Иван Бунин Есенина не знал лично, их пути никогда не пересекались. Но он ревниво следил за всем, что происходит в большевистской России, за советскими писателями и поэтами, которых ругал без разбору и не стесняясь в выражениях – иногда справедливо, иногда нет. Есенину тоже досталось, что, впрочем, сослужило хорошую службу во Франции, где до критики Бунина о нем не слышали. «Эта смесь сменовеховства и евразийства,
<…> Инония эта уже не совсем нова. Обещали ее и старшие братья Есениных, их предшественники, которые, при всем своем видимом многообразии, тоже носили на себе печать, в сущности, единую. <…> “Я обещаю вам Инонию!” – Но ничего ты, братец, обещать не можешь, ибо у тебя за душой гроша ломаного нет, и поди-ка ты лучше проспись и не дыши на меня своей миссианской самогонкой! А главное, все-то ты врешь, холоп, в угоду своему новому барину!»

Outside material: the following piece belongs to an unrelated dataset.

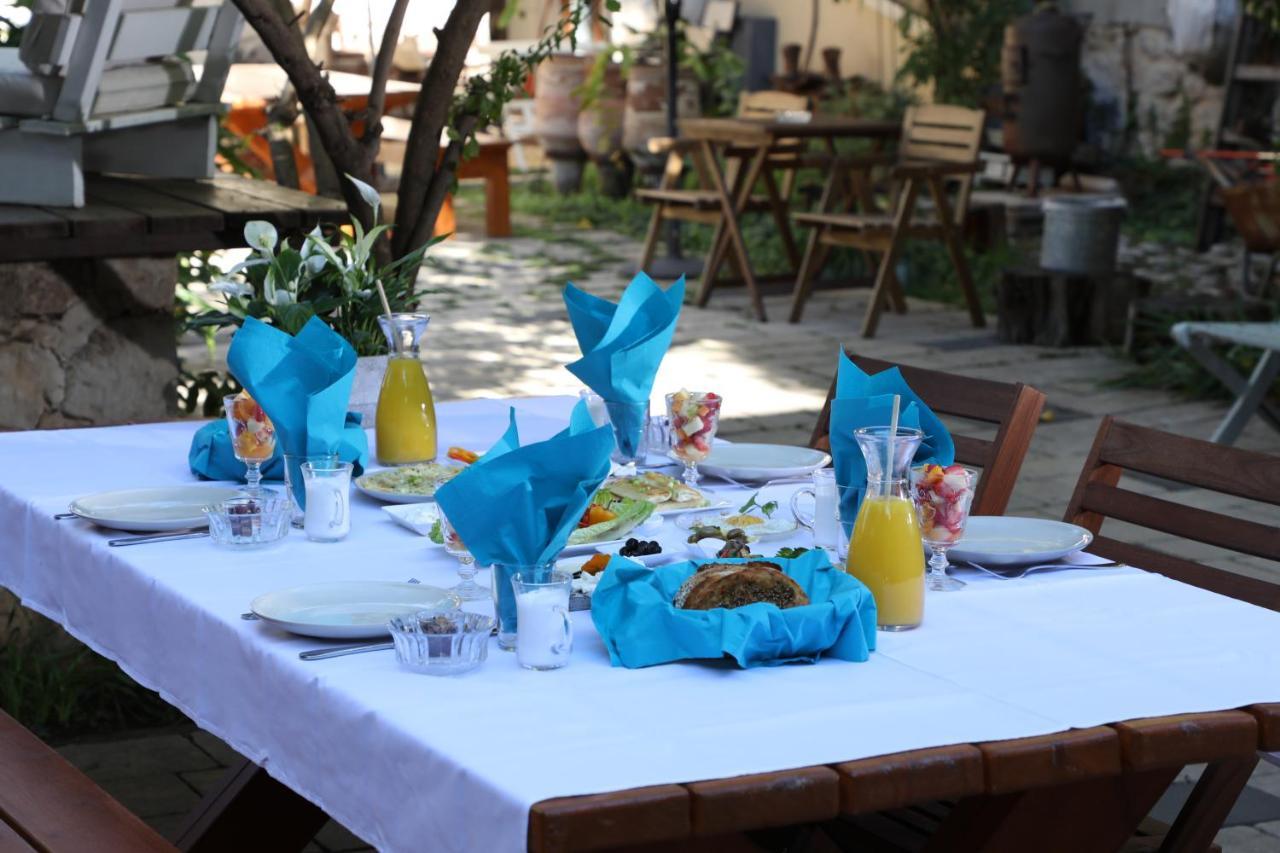 Shulamit Yard Hotel Rosh Pinna Buitenkant foto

Фрагмент из его «Воспоминаний», писавшихся уже после смерти Есенина, – это предвзятое, оценочное суждение, а также пересказ ходивших в эмигрантской среде сплетен, правдивых и нет. Отношение Бунина к Есенину и Блоку, а также перевирание есенинских строк возмущало Марину Цветаеву.
Владислав Ходасевич несколько раз встречался с Есениным в Петрограде в 1918 году, «нечасто и на людях». Он искренне верил, что причиной самоубийства Есенина стало разочарование в Октябрьской революции. В 1932 году он написал в статье о Есенине: «Самоубийство Есенина очевидно связано было с его разочарованием в большевицкой революции и нашло такой сильный отклик в кругах комсомола и рабочей интеллигенции, что начальство встревожилось и велело немедленно “прекратить есенинщину”. Бесчисленные портреты Есенина, портреты его родных, знакомых и просто односельчан, виды деревни, где он родился, и дома, в котором он вырос, бесчисленные воспоминания о нем и статьи о его поэзии – все это разом, точно по волшебству, исчезло из советских газет и журналов. Зато появилось несколько статей, разъясняющих заблуждения Есенина и его несозвучность эпохе». В эссе Ходасевича «Есенин» отразилось типичное мнение о Есенине и его судьбе среди эмигрантов, лишенное предвзятости личных взаимоотношений, как у Гиппиус, или неприязни к Есенину как символу советской поэзии, как у Бунина.
Максим Горький
Сергей Есенин
Впервые я увидал Есенина в Петербурге в 1914 году, где-то встретил его вместе с Клюевым. Он показался мне мальчиком пятнадцати-семнадцати лет. Кудрявенький и светлый, в голубой рубашке, в поддевке и сапогах с набором, он очень напомнил слащавенькие открытки Самокиш-Судковской, изображавшей боярских детей, всех с одним и тем же лицом. Было лето, душная ночь, мы, трое, шли сначала по Бассейной, потом через Симеоновский мост, постояли на мосту, глядя в черную воду. Не помню, о чем говорили, вероятно, о войне: она уже началась. Есенин вызвал у меня неяркое впечатление скромного и несколько растерявшегося мальчика, который сам чувствует, что не место ему в огромном Петербурге.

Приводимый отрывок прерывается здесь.